***This is Book 2 in the Pembrooke series, a spin-off of Wildflower. They are interconnected standalones.***
I fell in love with Ethan Prewitt when I was nine years old.
It wasn’t real love or anything. I was only nine — almost ten — after all, but back then it was the most intense, consuming emotion I’d ever experienced in my young life. From nine to twelve I was a blushing, giggling, stuttering mess whenever he was around, and seeing as my Dad and his wife Chloe were best friends with Ethan’s sister and brother-in-law, he was around a lot.
Ethan was gorgeous and popular and way too old for me — which only added to the thrill of it. But as time passed and we really got to know each other, that young, childish love evolved. I started to grow up, mature, and that immature infatuation turned into a friendship the likes of which I cherished above all else.
My relationship with Ethan was the most important thing in my life. It was him I went to when I needed advice, his opinion I held in the highest regard, his shoulder I leaned on whenever I needed someone to share my burdens with. As the years passed, that respect only grew.
He turned into the best friend I could have ever had. We told each other everything, confiding things we wouldn’t dare tell anyone else. We shared our ambitions and dreams. We knew each other better than anyone else. I needed him. I grew to depend on him.
And looking back, I realized that was my biggest mistake.

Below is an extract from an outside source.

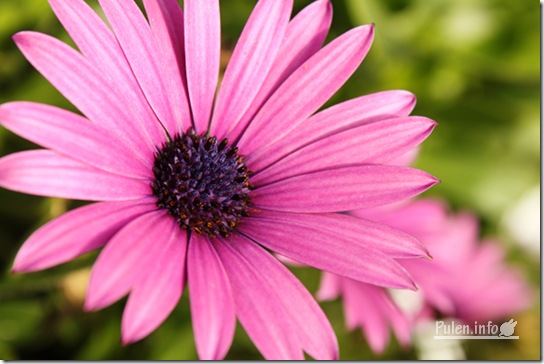 Pulen.info - Pink daisy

Because needing someone didn’t necessarily mean they needed you back. It was a lesson I’d learned even before Ethan came into my life. You could give a person all the love you were capable of carrying, but that didn’t mean you’d get the same in return.
My mother hadn’t taught me much in my life, but that particular lesson was the one that stuck the most, sad as it was.
There were people in your life who were supposed to care, supposed to do their best to protect you from all the bad. My father was one of those people, his wife Chloe another. It hurt to know my own mother, my flesh and blood, wasn’t one of those people, and for that very reason, I kept my circle small. Only those who I’d go to the ends of the earth for and who I trusted to do the same for me were allowed in. I appreciated quality over quantity, and while keeping people out sometimes led to being lonely, I’d convinced myself that it was enough. I had everyone I’d ever need. I had Dad and Chloe, Noah and Harlow, my other friend Lilly.
And I had Ethan. Or so I thought.
I only had him for six years before I lost him.
Now I’ve spent the next six regretting the fact that I ever let Ethan Prewitt in.